Badıllı ağabeyin ardından onunla ilgili gözlemlerini ve düşüncelerini kaleme alan Öztürk'ün yazısı şöyle:

“Hayâ imandandır” derler büyüklerimiz. “Hayâsı olmayanın imanı da olmaz” diye ilave ederler. Çocukluğumdan beri duyarım bu sözleri.

Bediüzzaman Said Nursi Hz.lerinin talebesi Abdülkadir Badıllı ağabey de “hayâ” sahibi bir Allah dostudur.

Hem öyle bir Allah dostudur ki, üstadı Bediüzzaman Hz.lerinin, Allah olan dostluğu gibi dost olabilmek için ömrünü dini İslam’a adamış, her nefesinin hesabını yapmıştır.

2013 yılının 24 Şubat’ında, Anadolu Ağabeyleri program çerçevesinde, Urfa’da icra edilen Abdulkadir Badıllı ağabeyin vefa gecesine katılmıştım.

Kendisini sahneye çıkarıp da bir iki kelime söylemek için arkadaşların ne kadar ter döktüklerini biliyorum. Hatta hayâsından geceye bile katılmak istememiş ve;
“Asla şahsıma dair bir şey söylemeyin. Söyleyecekseniz üstadımızın İslam’a hizmetlerini anlatın” diye ikaz etmişti.

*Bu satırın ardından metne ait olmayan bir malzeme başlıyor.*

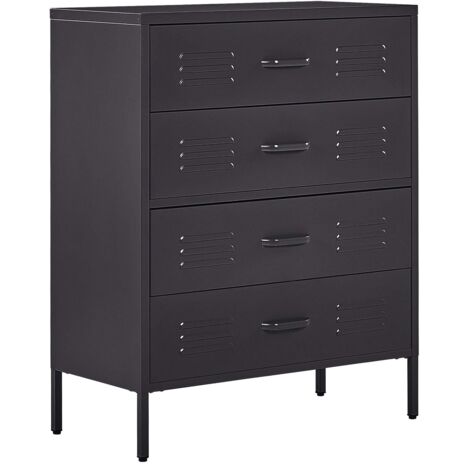 Armoire de Rangement en Acier Noir avec 4 Tiroirs pour ranger les Dossier pour Chambre Bureau ou Couloir Beliani (1/5)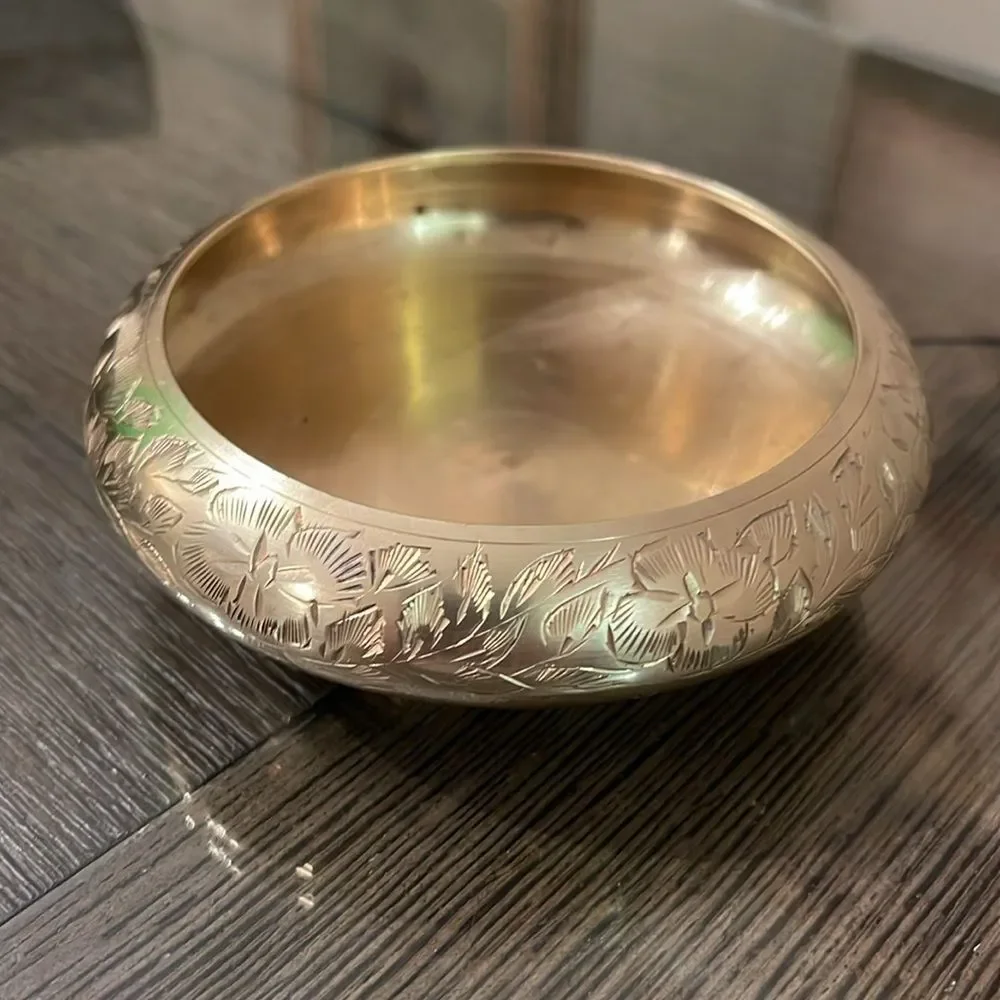 Selling a Vignette of Three Brass Pieces, Vase, Bowl, Tiny Pitcher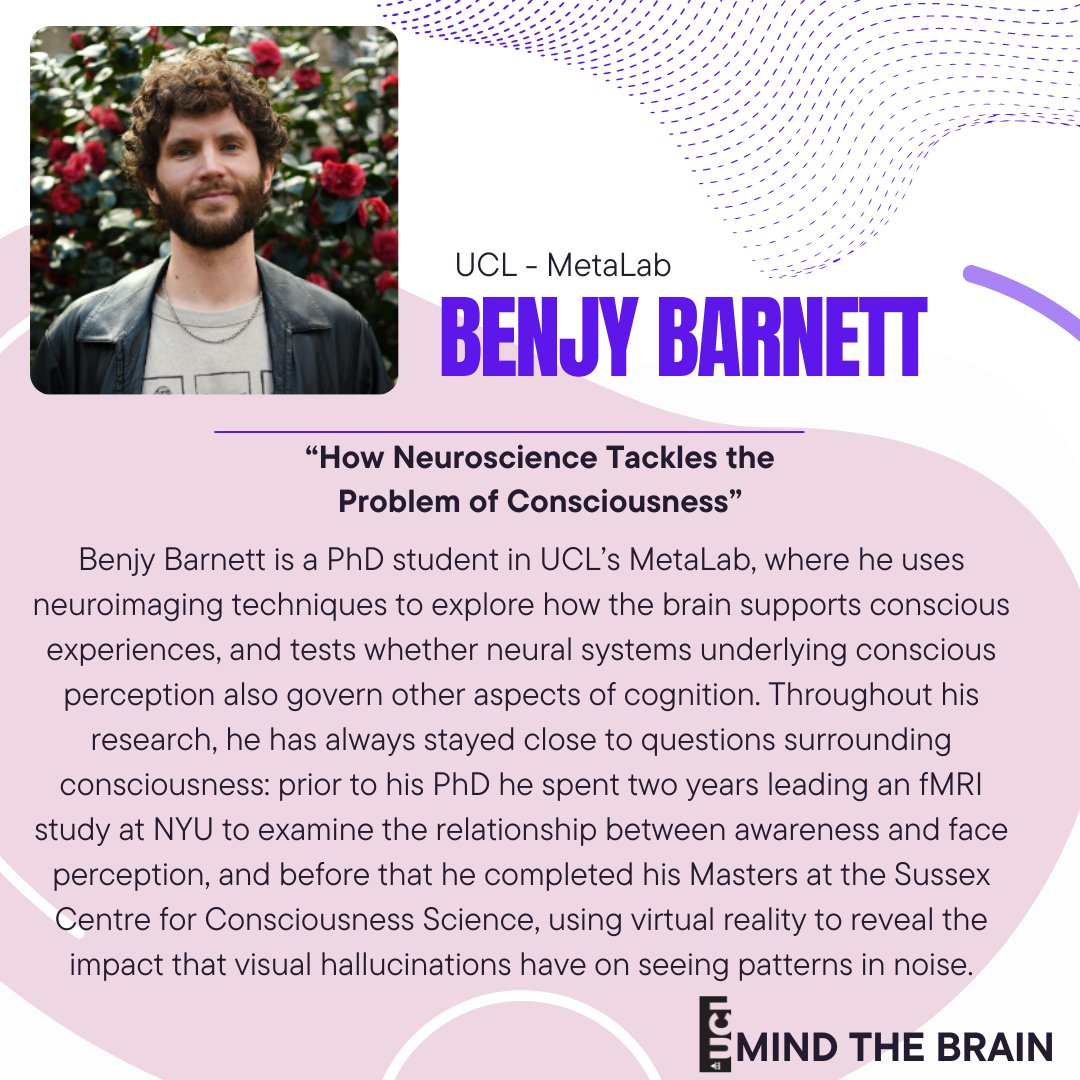 🥁🧠 Excited to announce our first speaker: Benjy Barnett! Join us on the 15th of June to delve into “How Neuroscience Tackles the Problem of Consciousness”. Buy your early bird tickets from the link in our bio! 🐦 Stay tuned as we reveal more exceptional speakers! 👀 #UCL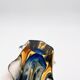 Murano Sommerso Vase Sculpture Chambord Model Blue Amber 26cm
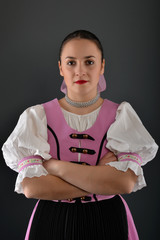 Wall Mural - Slovak folk dancer with colorful clothes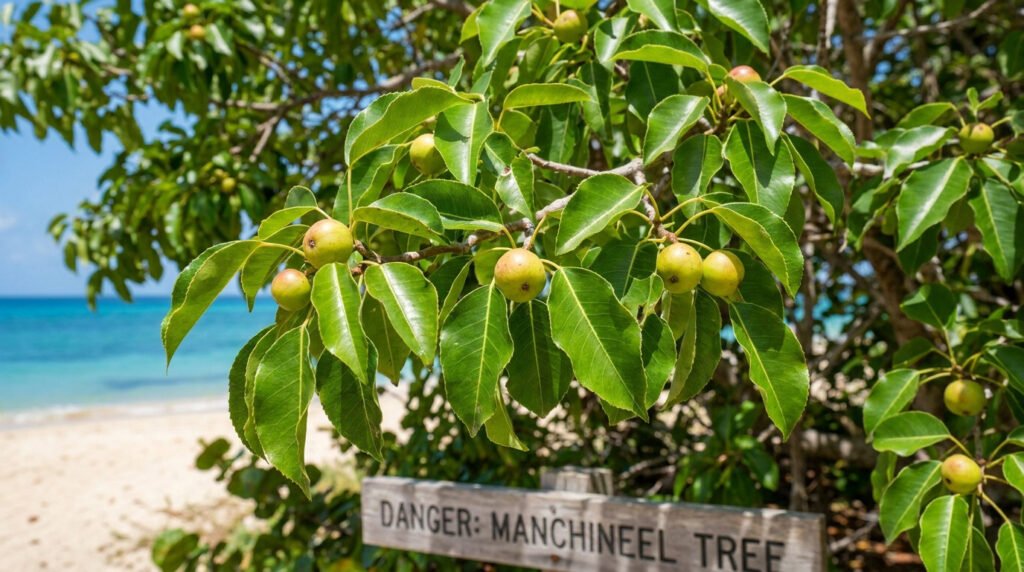 Branches de mancenillier avec des fruits verts sur une plage tropicale, avec un panneau d'avertissement en arrière-plan.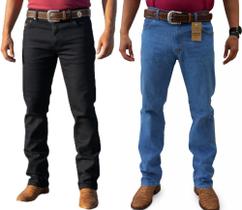 Kit 2 Calças Masculina Jeans Tradicional Country Reforçada Western com Elastano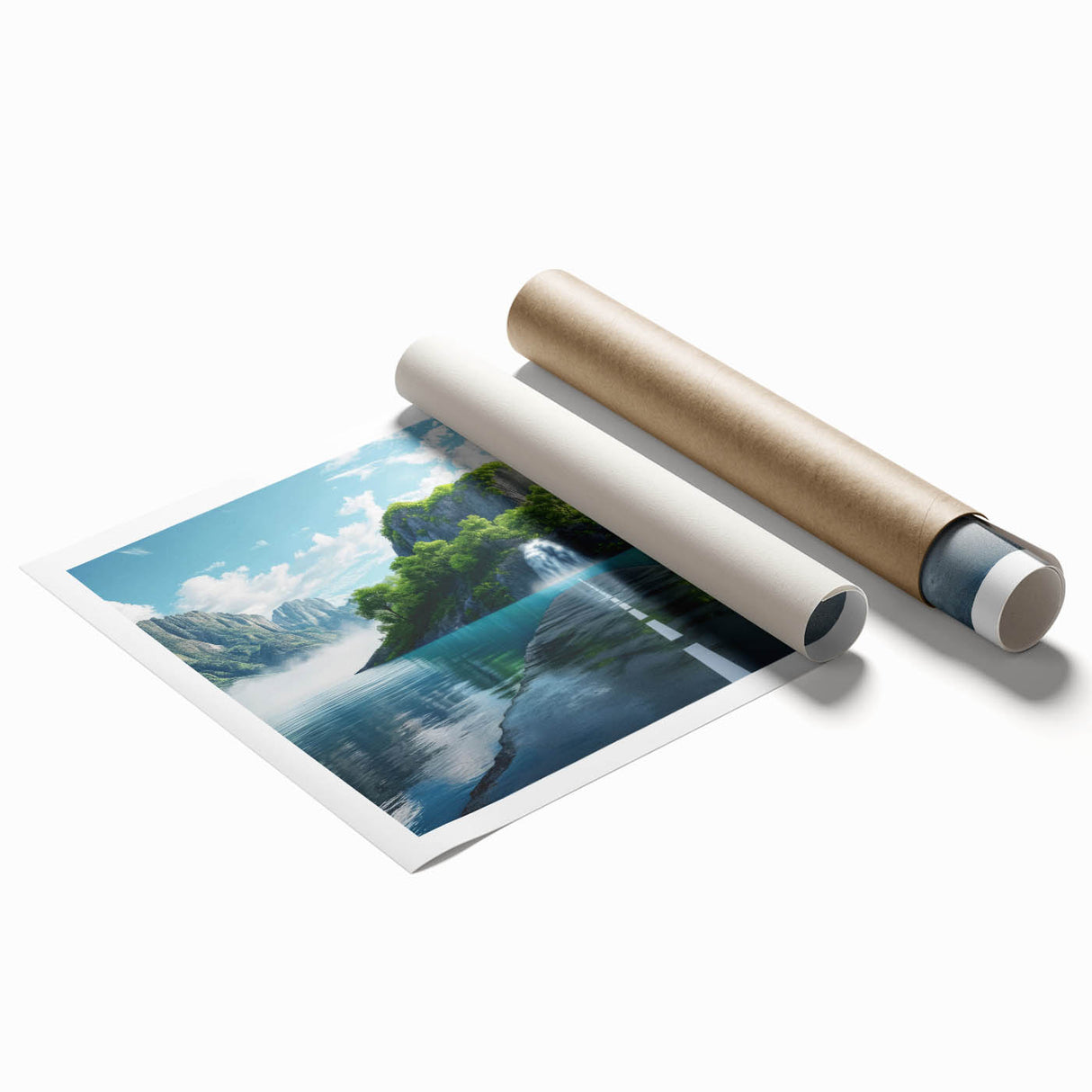 Rolled print showcasing a vibrant landscape road design, featuring rich colors and intricate details, ideal for home decor and interior design enthusiasts.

Ve Abdülkadir Badıllı ağabey, bütün ömrünü bu şekilde ihya etmiş birisidir. Aşiret ağası olmak ve istediği gibi dünyalığını temin etmek varken; Bediüzzaman’a talebe, Allah’a kul, Peygamber (s.a.v.) efendimize ümmet olmayı seçmiştir.

Böyle bir Allah dostuna karşı edep ve hayâ sınırlarını aşarak söz söyleyenler, kendi kişilik ve kimliklerini ortaya koymuş olurlar ve insanlar da onları bu halleriyle tanırlar.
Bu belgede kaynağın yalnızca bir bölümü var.